Die Schweizer Börsen-, Effekten-, Vermögensverwaltungsbanken und Privatbankiers haben eine bis über 250-jährige Tradition und gelten als die eigentlichen Väter des Schweizer Finanzplatzes. Diese lassen sich heute in zwei Gruppen aufteilen. Auf der einen Seite die eigentlichen Privatbankiers, welche keine Gesellschaft bilden sondern heute noch als private Bankiers tätig sind und mit ihrem guten Ruf und ihrem gesamten privaten Vermögen haften. Die beiden mit Abstand grössten unter ihnen sind Pictet & Cie sowie Lombard Odier Darier Hentsch & Cie, welche, gemessen an den verwalteten Vermögen von CHF 420 Mrd. bzw. CHF 180 Mrd., hinter UBS und Credit Suisse die dritt- bzw. hinter Julius Bär die fünftgrösste Vermögensverwalterinnen der Schweiz sind. Auf der anderen Seite sind die Privatbanken, die ursprünglich ebenfalls Privatbankiers waren, im Verlaufe der Zeit in eine Gesellschaft umgewandelt wurden. Die mit Abstand grösste unter ihnen ist die traditionsreiche Julius Bär, welche, gemessen an den verwalteten Vermögen von CHF 406 Mrd., die viertgrösste Vermögensverwalterin und gemessen an der Bilanzsumme die achtgrösste Bank der Schweiz ist.

Ausländische Banken

Auf dem Bankenplatz Schweiz haben sich auch etliche ausländische Banken niedergelassen, oft durch Eröffnung einer eigenen Filiale, durch Übernahme einer bereits bestehenden Bank oder durch Gründung einer eigenen Tochtergesellschaft. Die Filialen ausländischer Banken sind wirtschaftlich und rechtlich keine eigene Rechtspersönlichkeiten in der Schweiz, sondern sind ihren Muttergesellschaften unterstellt. Die ausländisch beherrschten Banken sind mehrheitlich in der Vermögensverwaltung sowie im Investmentbanking tätig und haben ihre Sitze vor allem in Zürich oder Genf, von wo sie eine wichtige Rolle auf dem Finanzplatz Schweiz spielen. Die beiden grössten in der Gruppe der Übrigen Banken, zu welchen die ausländisch beherrschten Banken gehören, die HSBC Private Bank (Suisse) SA und die BNP Paribas (Suisse) SA, sind, gemessen an der Bilanzsumme von CHF 58,3 Mrd. bzw. 38,5 Mrd. die fünft- bzw. sechstgrösste Bank der Schweiz.

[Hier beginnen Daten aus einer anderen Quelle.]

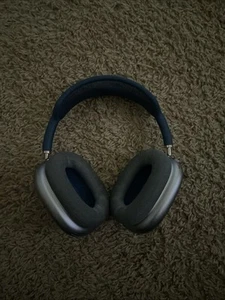 airpods pro max - Picture 1 of 6
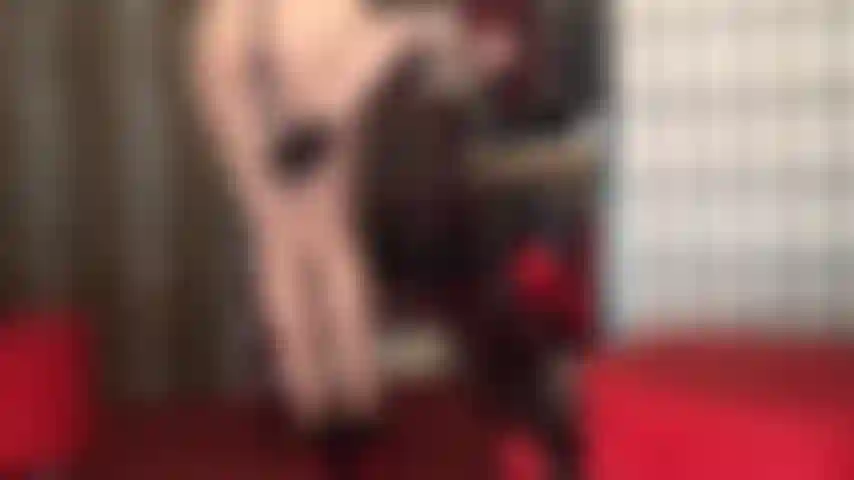 Mistress vivian balancea su culo redondo y una gran polla en tu cara.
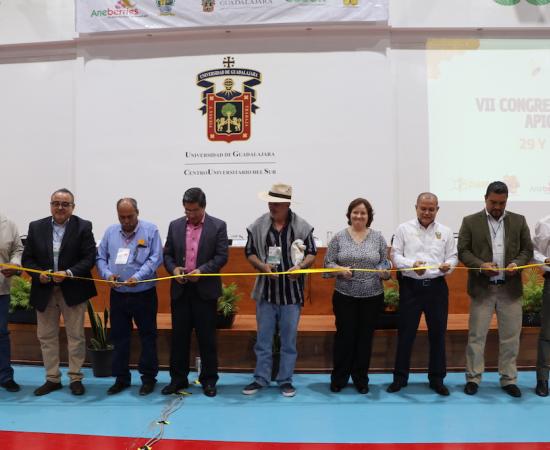 Inauguran VII Congreso Mexicano de Apicultores 2023 en el CUSur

Mit einem Anteil von 17 Prozent sind die ausländischen Banken hinter den Grossbanken aber vor den Kantonalbanken die zweitwichtigsten Arbeitgeber der Bankbranche.

Sonstige Banken

Neben in diesen Gruppen eingeteilte Banken gibt es noch etliche weitere, manche davon haben sich eine eigene Nische geschaffen. Als Beispiele die im Retail Banking tätige Migros Bank, Tochtergesellschaft des grössten Detailhandelskonzerns Migros, die ebenfalls im Retail Banking tätige Bank Coop, bei der heute die Basler Kantonalbank Mehrheitsaktionär ist, die aber zuvor Tochtergesellschaft des zweitgrössten Detailhandelskonzerns Coop war, die in der Vermögensverwaltung und im Kreditkartengeschäft tätige Cornèr, die genossenschaftlich organisierte WIR Bank oder auch die nach ökologisch und sozialen Grundsätzen tätigen Banken Alternative Bank Schweiz und Freie Gemeinschaftsbank.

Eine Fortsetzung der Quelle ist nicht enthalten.